Hardware decoder deallocation?

marmikshah · January 5, 2022, 10:09am

Hello,
I have a use case where I need to run a pipeline over several hundred videos.
My pipeline looks something like:

uridecodebin  -> nvstreammux -> nvinfer -> nstreamdemux -> nvdsosd -> fakesink

Now the problem I am facing is that after about 50-100 video files, the process either reaches a segfault or just freezes.
When I attach a debugger, I see that the decoder (most likely) is allocating a thread every time and does not deallocate it. So the number of threads simply keep on increasing till it finally reaches segfault.

I have tried this one Jetson Xavier (JP 4.6) as well as a PC with RTX 2080Ti.
The behaviour on both devices is quite different.
On Jetson it will work, but for each file the FPS keeps reducing until it finally freezes whereas for dGPU, the FPS remains consistently high but reaches segfault after 50-100 files.

As a workaround, I am currently creating docker containers to run for each file and it seems to work well as docker removes the container before I run the pipeline for the next file. But it is not an ideal case.

• Hardware Platform (Jetson / GPU): GPU
• DeepStream Version: 6.0
• NVIDIA GPU Driver Version (valid for GPU only) 470
• Issue Type( questions, new requirements, bugs) Bugs?

Any help would be appreciated.
Thanks

Fiona.Chen · January 6, 2022, 8:01am

I don’t understand how your pipeline run for 50-100 videos.

marmikshah · January 6, 2022, 9:43am

I do not need to run 1 single pipeline for 50-100 videos.
I run 1 pipeline with 1 video, then I close the pipeline, make a new one and run for the next video and so on.

Fiona.Chen · January 6, 2022, 11:55am

How did you do that?

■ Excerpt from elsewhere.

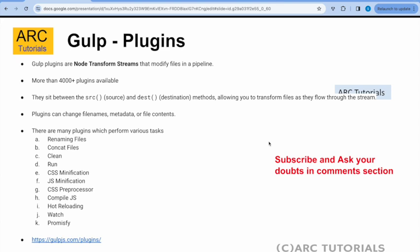Streams will help us transform the files, the data, and all the things that are required. As we move through the series, you will regularly see me writing code and using the source and destination methods, so anything that goes in between those two is what the plugins will help us do.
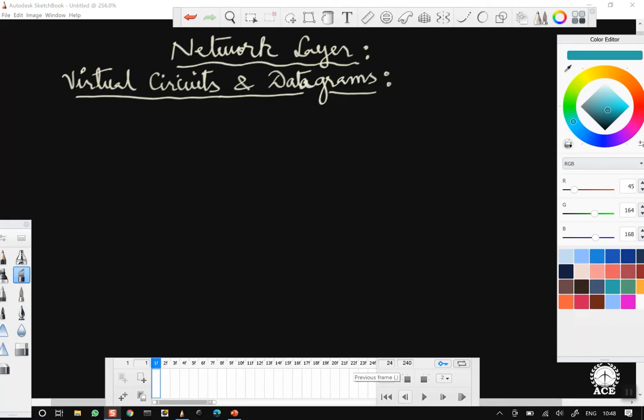In this video, we are going to look into another important aspect of network layer design called virtual circuits and datagrams. From an examination perspective, this is an important topic. You can expect a full 5-mark or 10-mark question on virtual circuits and datagrams, so please follow this carefully.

How did you know you have closed the pipeline correctly? How did you know the problem is caused by deepstream plugins?

marmikshah · January 11, 2022, 1:11am

Hi
Apologies for the late reply.
I ran some tests and noticed that this happens only when there is a jpeg stream or image.

This is a sample code to reproduce the result. It’s a very basic pipeline (uridecodebin -> fakesink)
NOTE: When I run this code without sleep(0.5), there is an immediate segfault. When the sleep is there it works well but the GPU memory allocation keeps increasing and it never goes down until I kill the program.
You can run this code with any JPEG image to reproduce the result.

import sys
from time import sleep
sys.path.append('/opt/nvidia/deepstream/deepstream/lib')

import gi
gi.require_version('Gst', '1.0')
from gi.repository import GObject, Gst


def bus_call(bus, message, loop):
    t = message.type
    if t == Gst.MessageType.EOS:
        sys.stdout.write("End-of-stream\n")
        loop.quit()
    elif t == Gst.MessageType.WARNING:
        err, debug = message.parse_warning()
        sys.stderr.write("Warning: %s: %s\n" % (err, debug))
    elif t == Gst.MessageType.ERROR:
        err, debug = message.parse_error()
        sys.stderr.write("Error: %s: %s\n" % (err, debug))
        loop.quit()
    return True


def decodebin_child_added(child_proxy, Object, name, user_data):
    if(name.find("decodebin") != -1):
        Object.connect("child-added", decodebin_child_added, user_data)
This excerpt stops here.